The overall philosophy of the project is to "live at head" and not worry about version numbers. Due to our Continuous Integration process, any of our commits are valid versions to work off and have been tested as a whole together.
But we also realize that others rely on package managers for their languages for integration into their projects. So we too occasionally cut releases and upload a snapshot to various package managers.
Releases occur when the maintainers decide a formal release is warrented. Either some new feature is available or a critical bug is fixed. There is no real road map or schedule that is followed.
FlatBuffers has a version in the format: YY.MM.DD
Where YY
is the current year minus 2000 (e.g., 2023
is 23
).
The MM
is the month from Jan (1
) to Dec (12
).
And DD
is the day of the month, from 1
to 31
.
An example version would be:
22.9.14
In case of two or more releases on a given day, the format may be appended with a further .{release #}
(e.g. 22.9.14.2
would be the second release). This isn't intended to occur often.
This format has the following nice properties:
- Its has lexicographic ordering, so easy to tell what is newer.
- It's a date, so it is easy to know when in time it was released.
- Compatible with package managers that expect Semantic Versioning
- Simple to generate
This is very similar format to Semantic Versioning, but we don't prescribe to hold to semantic versioning. Why Not?
Since FlatBuffers involves multiple pieces working in tandem:
- The
flatc
compiler that parses schema and write codes gen - The individual language "run time" libraries
- The schema version
Its hard to assign one version to unite all those things together and follow Semantic Versioning exactly.
As an example, consider using a single version at 1.2.3
. Suppose Jane spotted
a bug in the Java runtime library which needs to be fixed and it is breaking
change.
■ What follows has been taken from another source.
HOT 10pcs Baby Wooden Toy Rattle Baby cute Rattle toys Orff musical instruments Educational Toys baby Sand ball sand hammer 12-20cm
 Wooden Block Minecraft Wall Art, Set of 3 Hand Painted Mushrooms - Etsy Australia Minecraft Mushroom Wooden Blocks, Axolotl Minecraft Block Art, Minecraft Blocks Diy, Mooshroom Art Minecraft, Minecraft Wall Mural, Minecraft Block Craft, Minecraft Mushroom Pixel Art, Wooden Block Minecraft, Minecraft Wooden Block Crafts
She could fix the bug and bump up the "major" version to 2.0.0
and
release. This would cause all the other languages to be updated to 2.0.0
.
Peter the python
developer notices that the major version of FlatBuffers
changed, and may A) hesitate to update because he thinks there are breaking
changes, or B) updates but doesn't see anything different with the python
libraries and wonder why he spent time updating. Either choice causes unneeded
friction, since there is zero change for python code in this release update.
The alternative is to assign each language their own version and have them
evolve independently. That avoids the churn for unrelated version bumps, but
because we have tight coupling with flatc
a compatibility matrix of versions
is now required.
Taking the previous example, say that flatbuffers-java-2.0.0
is released, what
version should flatc
be at? If the change was just in the java runtime
libraries, no change to flatc
is warranted, and it might stay at
flatbuffers-flatc-1.2.3
still. This will now cause confusion on which runtime
libraries are supported by which flatc
. The complexity expands with each
additional language.
This is a headache to maintain, and will lead to greater confusion just to fit the mold of semantic versioning.